To help rectify this situation a ten-year plan could be implemented with not less than 5% of the state budget allocated to the conservation and development of rivers and water ways to generate employment for up to a million people.
The plan could make provision for the construction of locks and sluices that control water levels on both large and small rivers. This is necessary to maintain the minimum level of water required for each part of the river. The probability of flooding also has to be investigated and outlets for excess water to be directed to reservoirs provided.
We should not forget that the primary function of locks is to maintain a suitable water level for pleasure and commercial craft as is the case on the Thames. (See Page 8-14)
Locks and sluices form natural islands in rivers enhancing their natural beauty. They also have other uses, such as bridges. Dams and locks can augment river tourism and the development of alluvial areas along the river banks, as sluice gates and collect unsightly river waster such as plastic boxes, cans etc.

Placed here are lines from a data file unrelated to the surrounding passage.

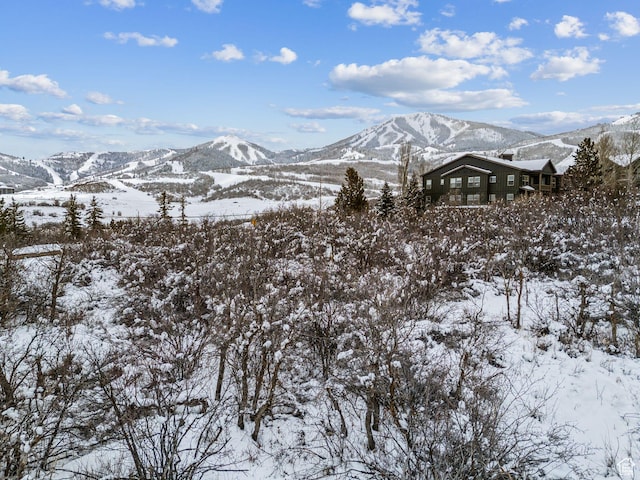 1620 W Apline Ave Unit 3, Heber City, UT 84032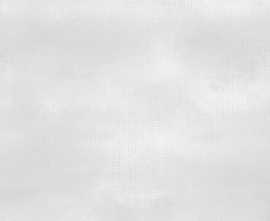 Плитка WT9SHP00 Shape White 24.9х50
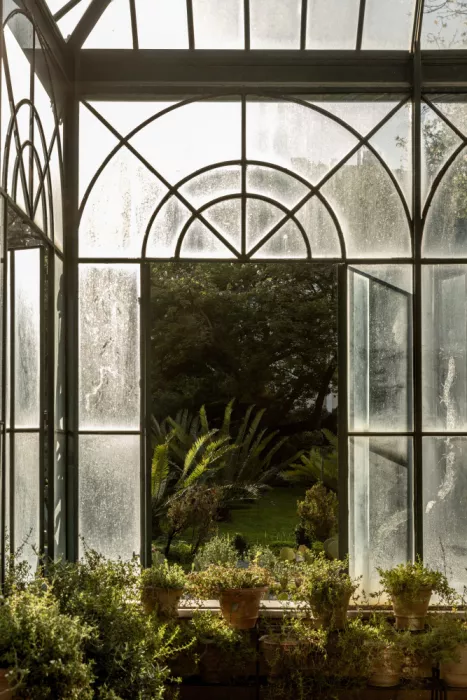 Böhmer, Mareike: Jardín botánico 2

They can also be used to place an automatically operated grid to remove litter from the water to the river bank. (I had suggested this idea in a meeting at Staines after the flood that had affected my house this year).
As for pleasure and recreation uses of the river, there should be encouragement of importing private cruises and boats, with incentives for the private sector to participate in importing equipment and providing maintenance for the boats. There is also a need to establish tourist villages, restaurants and parks.
All this should be implemented with the uttermost care for the environment, such as conservation of fish resources through maintaining water purity and preventing the oil pollution from boats and to carry out an awareness campaign in this regard. Birds living in the rivers and lakes should also be protected.
Iraq has tremendous potential for investment by the private sector in river tourism. Pleasure boats and commercial craft can be imported or constructed in the country itself. Tourist villages can be developed along the river banks, also an ideal location for restaurants, parks and clubs for river sports such as fishing. Wildlife, especially endangered species, must be protected and the purity of the water restored and maintained. Suitable environmental protection laws will have to be passed and enforced.
Above all Islamic social values and morals must be upheld so Muslims, as well as foreigners, can enjoy Iraq's natural beauty without embarrassment.
It is ironical that the cold countries of the north pay the utmost attention to their rivers even though the summer season is short and the winter is long. In Iraq the summers are long and winters short - even the winters are moderate! But these gifts of nature have been forgotten.
River tourism may seem like a fata mogana in today's Iraq. But without hope nothing is achieved. Aren't we planning to make Iraq an international tourist destination?
May Allah guide us to the best of deeds.